• _GIVEN MATERIAL_:
########

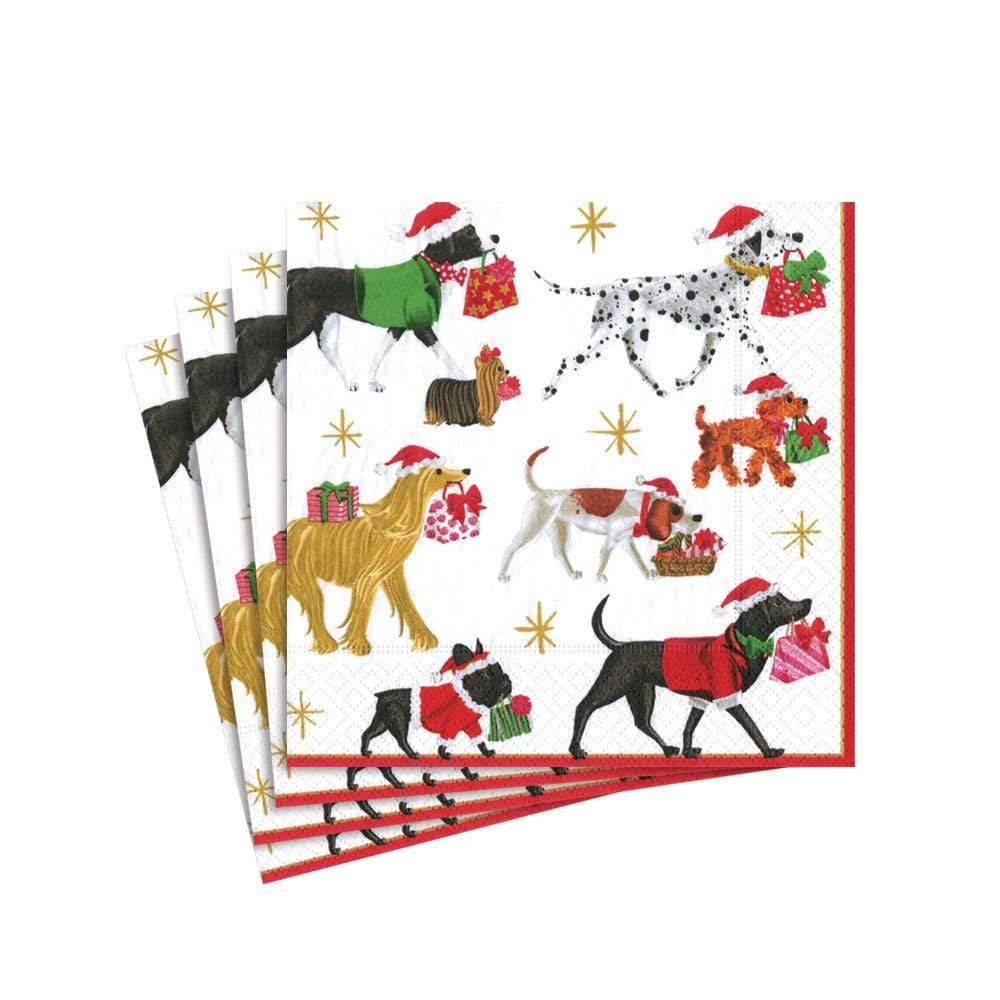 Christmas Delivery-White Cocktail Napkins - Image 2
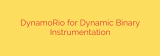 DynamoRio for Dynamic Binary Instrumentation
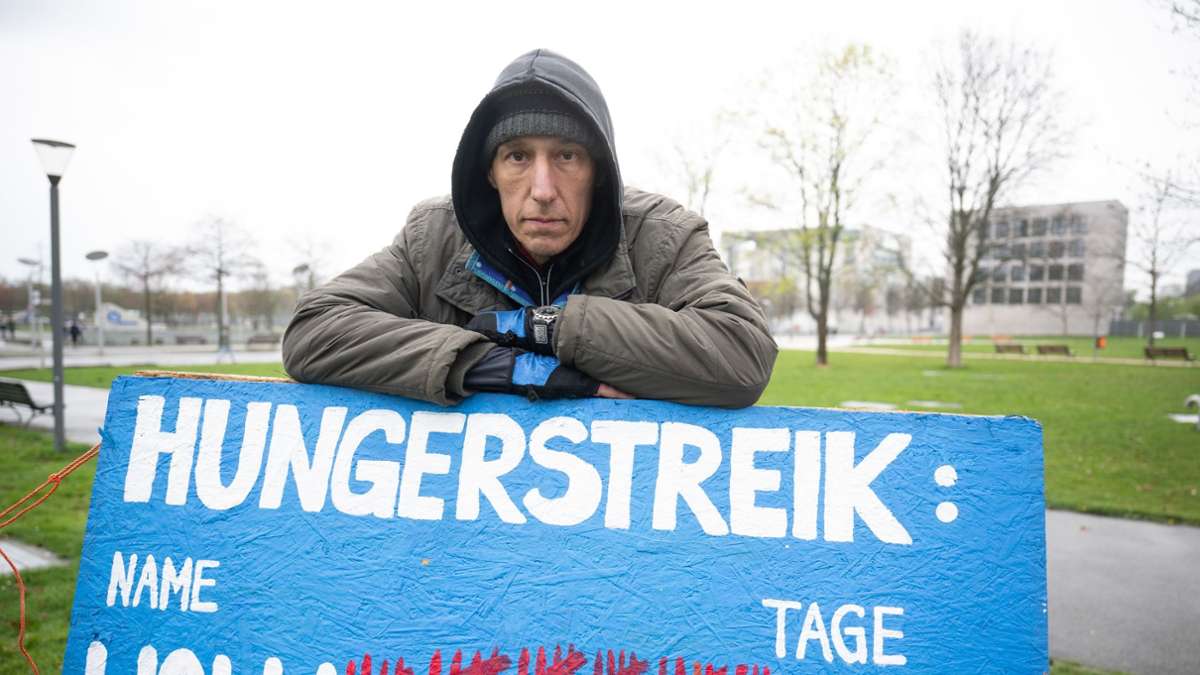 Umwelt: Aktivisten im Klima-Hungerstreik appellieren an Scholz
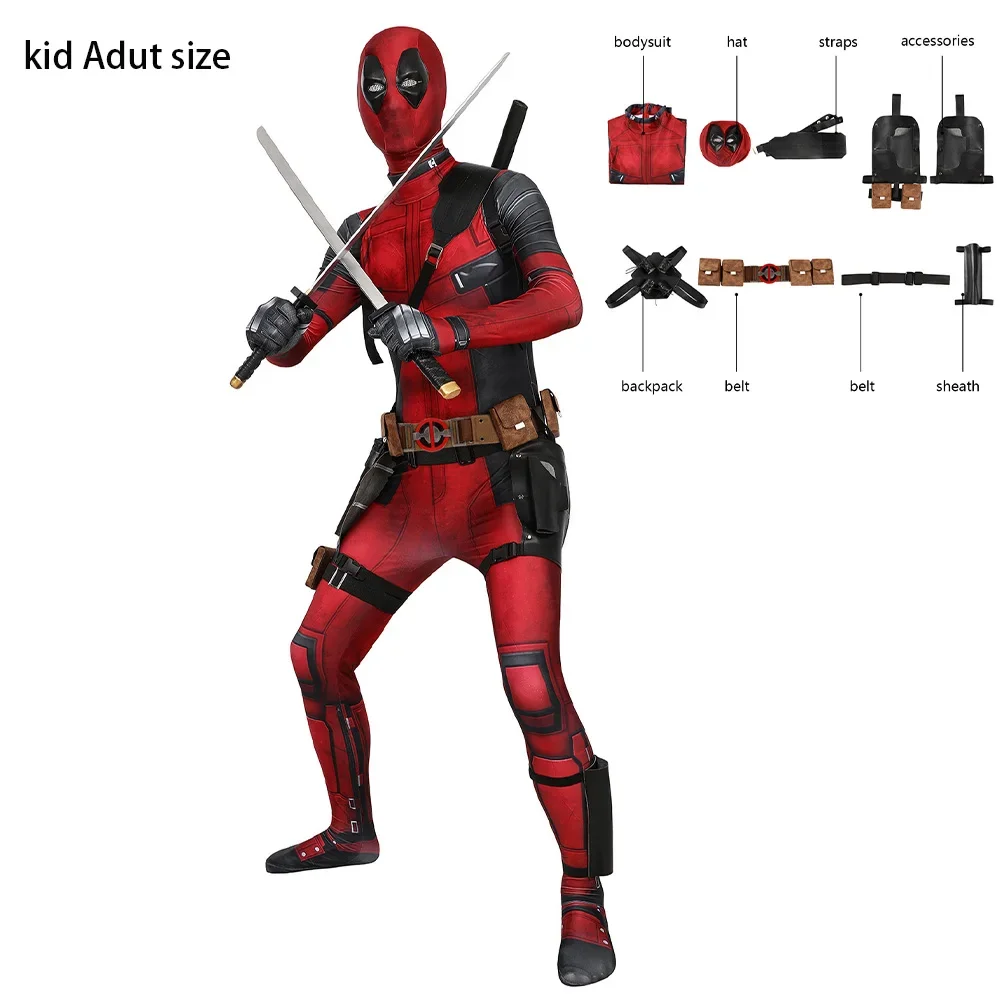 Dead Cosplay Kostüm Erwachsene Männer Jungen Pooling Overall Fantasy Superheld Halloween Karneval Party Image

########

• _ACTION ITEM_:
Give back each line above verbatim, dropping every picture.

• _ANSWER TO THE EXERCISE_:
 Christmas Delivery-White Cocktail Napkins - Image 2
 DynamoRio for Dynamic Binary Instrumentation
 Umwelt: Aktivisten im Klima-Hungerstreik appellieren an Scholz
 Dead Cosplay Kostüm Erwachsene Männer Jungen Pooling Overall Fantasy Superheld Halloween Karneval Party Image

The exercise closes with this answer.